Quote:
Originally Posted by Hermit Girl
I wanted to post something about what I am currently pondering : that weightloss, weight maintenance, and even being overweight and perpetuating, is about self image primarily.
I actually disagree with this. I wouldn't have even 5 years ago. I have a bachelors and a masters degree in psychology. I've been taught to believe in the power of the mind (and I do), but I've come to see that weight loss and maintenance for me is not nearly as mental as I have been raised and taught to believe.
For most of my life I've had drive, determination and good-to-awesome self image, self confidence, and self esteem. I succeeded at everything I attempted, except weight loss. I kept trying though - almost 30 years of trying (I took a few years off after I found "fat acceptance" to test the theory that dieting causes more weight gain than weight loss, and what do you know I did stop gaining weight, and never gained a pound during those years - until I started dieting again).

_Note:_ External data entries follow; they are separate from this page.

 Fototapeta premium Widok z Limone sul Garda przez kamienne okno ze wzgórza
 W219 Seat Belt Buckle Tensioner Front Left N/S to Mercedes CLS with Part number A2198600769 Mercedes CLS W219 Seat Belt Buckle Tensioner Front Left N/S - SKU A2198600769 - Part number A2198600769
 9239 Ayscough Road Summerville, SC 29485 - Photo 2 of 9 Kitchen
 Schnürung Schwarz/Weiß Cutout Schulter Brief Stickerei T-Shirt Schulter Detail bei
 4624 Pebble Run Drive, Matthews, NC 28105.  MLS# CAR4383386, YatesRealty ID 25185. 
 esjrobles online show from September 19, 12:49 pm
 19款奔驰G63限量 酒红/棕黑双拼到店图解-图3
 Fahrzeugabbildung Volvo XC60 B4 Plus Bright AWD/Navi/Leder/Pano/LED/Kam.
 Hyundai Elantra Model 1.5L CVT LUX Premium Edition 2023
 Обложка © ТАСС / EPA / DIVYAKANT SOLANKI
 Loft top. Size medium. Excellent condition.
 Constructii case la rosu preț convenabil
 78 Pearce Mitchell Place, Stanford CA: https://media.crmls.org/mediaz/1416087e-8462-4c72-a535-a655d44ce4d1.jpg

What has finally led to my finding success is finding (accidentally for the most part) keys that I either didn't know existed or didn't know could be addressed. Physiological issues primarily. 1. Horomonal issues (virtually put an end to TOM cravings and crazy hungry issues - with the right birth control. I can no longer take the one that works best, because I can't afford it and Medicare doesn't pay for it anymore. So I what I take now, works better than nothing. 2. Giving up crash dieting. What do you know, when I gave up crash diets, my "binge eating disorder," vanished. Just vanished. No psychotherapy, no self-image changes, no willpower - all it took was refusing to get on the typical "diet rollercoaster" that I knew. 3. Sleep apnea. When I was prescribed the cpap machine (that blows air down your nose and mouth), the doctor said I'd probably lose some weight without dieting - I laughed, but then I did. I've never lost weight without trying in my life, so I started experimenting to see what else I could lose without "dieting." It took me over a year to find something else. 4. Low-carb. If I eat low enough I'm not hungry at all (I can even forget to eat - and I tell you THAT was a new experience). I'm still struggling with eating low enough, for many reasons. One being I can't get it out of my head that it's "Unhealhty," because my college coursework, the media, and until recently my doctors all told me how unhealthy low-carb eating was (which is why I never gave it much of a chance in almost 4 decaded of dieting history), and 40 years of high-carb habits. Now that my doctor is behind the low-carb eating, I'm doing better and better, but living low-carb in this country still requires considerable upstream swimming, but the more practice I get in, the more sucess I'm having.
All of my life, I never understood why losing weight was so different than everything else I tried, and I realize now it's been because I've been looking for the wrong solutions. I've been looking for psychological issues that didn't exist, and I neglected to see the physiological issues that did. Maybe for some people, the reverse is true - they're looking for physical reasons/physical solutions when they need to look at the psychological. Maybe. Although I think because we're told "it's in our head," more often than we're encouraged to look for physiological factors (anyone who does so is accused of "looking for" or "making" excuses. And I'm ashamed to say I was one of those people until relatively recently).
Obesity is a multifaceted issue, and whenever we try to reduce it to a simple one, I think we make it more difficult to overcome, not easier. 30 years of "mind over matter" and "determination alone can do anything" advice got me nowhere. I'm not dismissing the role of willpower and determination - I'm just saying that just focusing on those two may not be enough. If you don't address all of the issues, not just one or two, you may be making the task more difficult than it has to be.